Datum: 24.07.07 07:14

900.000 km legen die Straßenbahnzüge in Charleroi/Südbelgien im Jahr auf den tatsächlich in Betrieb befindlichen Strecken der TEC zurück, keinen davon jedoch jemals auf dem Zweig, der vom Hauptbahnhof durchs Hochhausviertel der Industriearbeiterschaft an die westliche Stadtgrenze nach Chatelet führt. Er gehört zu den Relikten eines in den 60ern gigantisch geplanten Metronetzes von acht Linien (gemeint war eine Straßenbahn, die abschnittweise auch mal unterirdisch fährt), deren Trassenführung weithin sichtbare, irreversible Einschnitte ins Stadtbild hinterlassen hat.

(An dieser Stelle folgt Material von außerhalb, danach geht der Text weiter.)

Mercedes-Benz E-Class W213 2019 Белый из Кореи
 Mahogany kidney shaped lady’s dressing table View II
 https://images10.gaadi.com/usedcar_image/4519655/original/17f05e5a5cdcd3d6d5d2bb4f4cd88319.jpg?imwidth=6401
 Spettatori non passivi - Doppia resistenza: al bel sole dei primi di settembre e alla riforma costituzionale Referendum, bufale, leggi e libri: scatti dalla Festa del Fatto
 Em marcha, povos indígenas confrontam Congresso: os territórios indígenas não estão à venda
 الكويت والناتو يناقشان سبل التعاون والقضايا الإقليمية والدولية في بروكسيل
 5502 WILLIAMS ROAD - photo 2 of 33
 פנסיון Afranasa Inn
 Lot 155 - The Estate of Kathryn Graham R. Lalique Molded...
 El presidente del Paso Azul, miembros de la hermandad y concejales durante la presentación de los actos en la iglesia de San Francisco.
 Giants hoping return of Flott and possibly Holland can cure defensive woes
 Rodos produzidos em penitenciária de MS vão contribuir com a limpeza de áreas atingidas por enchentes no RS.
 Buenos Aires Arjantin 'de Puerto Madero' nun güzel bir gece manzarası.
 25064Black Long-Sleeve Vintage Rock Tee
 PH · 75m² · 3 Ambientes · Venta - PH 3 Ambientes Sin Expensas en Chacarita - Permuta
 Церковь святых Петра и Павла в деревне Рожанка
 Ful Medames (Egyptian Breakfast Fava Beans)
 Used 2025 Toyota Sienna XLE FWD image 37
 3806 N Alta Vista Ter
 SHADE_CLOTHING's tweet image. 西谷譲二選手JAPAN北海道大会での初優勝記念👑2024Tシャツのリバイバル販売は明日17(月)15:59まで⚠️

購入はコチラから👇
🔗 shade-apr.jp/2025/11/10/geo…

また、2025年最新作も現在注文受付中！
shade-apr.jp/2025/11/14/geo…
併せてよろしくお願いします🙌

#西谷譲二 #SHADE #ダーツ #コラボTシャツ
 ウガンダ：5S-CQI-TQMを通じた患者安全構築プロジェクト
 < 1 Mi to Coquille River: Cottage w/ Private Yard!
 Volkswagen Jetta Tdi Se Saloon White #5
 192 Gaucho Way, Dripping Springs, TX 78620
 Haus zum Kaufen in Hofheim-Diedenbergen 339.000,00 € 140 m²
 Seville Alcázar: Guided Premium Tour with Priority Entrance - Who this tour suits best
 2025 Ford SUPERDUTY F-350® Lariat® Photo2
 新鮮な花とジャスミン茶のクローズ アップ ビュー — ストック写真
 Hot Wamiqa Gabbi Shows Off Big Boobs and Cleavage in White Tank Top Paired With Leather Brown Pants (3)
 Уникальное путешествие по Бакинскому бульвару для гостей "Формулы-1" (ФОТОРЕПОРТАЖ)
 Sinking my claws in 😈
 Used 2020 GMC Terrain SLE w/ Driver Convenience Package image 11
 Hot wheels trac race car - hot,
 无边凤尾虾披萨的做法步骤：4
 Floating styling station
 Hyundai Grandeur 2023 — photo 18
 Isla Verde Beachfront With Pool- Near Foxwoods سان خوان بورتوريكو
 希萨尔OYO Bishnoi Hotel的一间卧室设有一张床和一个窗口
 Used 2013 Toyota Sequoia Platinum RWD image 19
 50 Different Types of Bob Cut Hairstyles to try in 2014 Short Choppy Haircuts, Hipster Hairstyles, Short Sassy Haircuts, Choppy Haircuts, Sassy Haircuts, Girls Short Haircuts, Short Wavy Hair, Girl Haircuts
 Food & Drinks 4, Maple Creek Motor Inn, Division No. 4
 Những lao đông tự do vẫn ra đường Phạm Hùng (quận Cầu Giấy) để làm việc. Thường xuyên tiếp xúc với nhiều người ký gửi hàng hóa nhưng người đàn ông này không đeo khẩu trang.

http://www.fotodesignweb.de/metro/01_klein.jpg

Irgendwann, während schon emsig gebaut wurde, wurde man nüchtern: Eine Million Einwohner, ist nachgerechnet worden, wären überhaupt erforderlich, um ein Netz von der ursprünglich projektierten Größe gewinnbringend zu betreiben. Hinzu kam Streit zwischen Kommune und Staat um die Finanzierung des Betriebes, sowie Eifersüchteleien zwischen zwei konkurrierenden Bahngesellschaften. Da wurde es absurd,
"der Kram geschmissen", und der Anfang der Trasse war ihr Ende, denn die meisten Bahnhöfe auf der Linie waren schon fertig, 54 Züge bestellt und der Strom für Signale und Rolltreppen eingeschaltet, um sofort wieder abgeschaltet zu werden.

Im Jahre 2005 leuchteten noch die Signale auf einer in 20 Jahren nur zu einigen Schulungsfahrten benutzten Strecke; inzwischen sind sie, vermutlich durch Vandalismus, zerstört. Diese Metrotrasse steht, gammelnd, wie ein Symbol für den Bankrott naiver Utopien der 70er von einer Modernität, in der alle Schichten im Paradies auf Erden leben würden; dem "kleinen Mann", der es mit der Bahn bequem von seiner Hochhauswohnung ins Zentrum haben sollte,- die leeren Bahnhöfe stehen absurd dicht auf Sichtabstand- ist sie heute allerdings eine Mischung aus Behinderung durch die Zerteilung der Stadtviertel, außerdem ein Wandschmiererparadies und gigantisch günstiger Müllabladeplatz.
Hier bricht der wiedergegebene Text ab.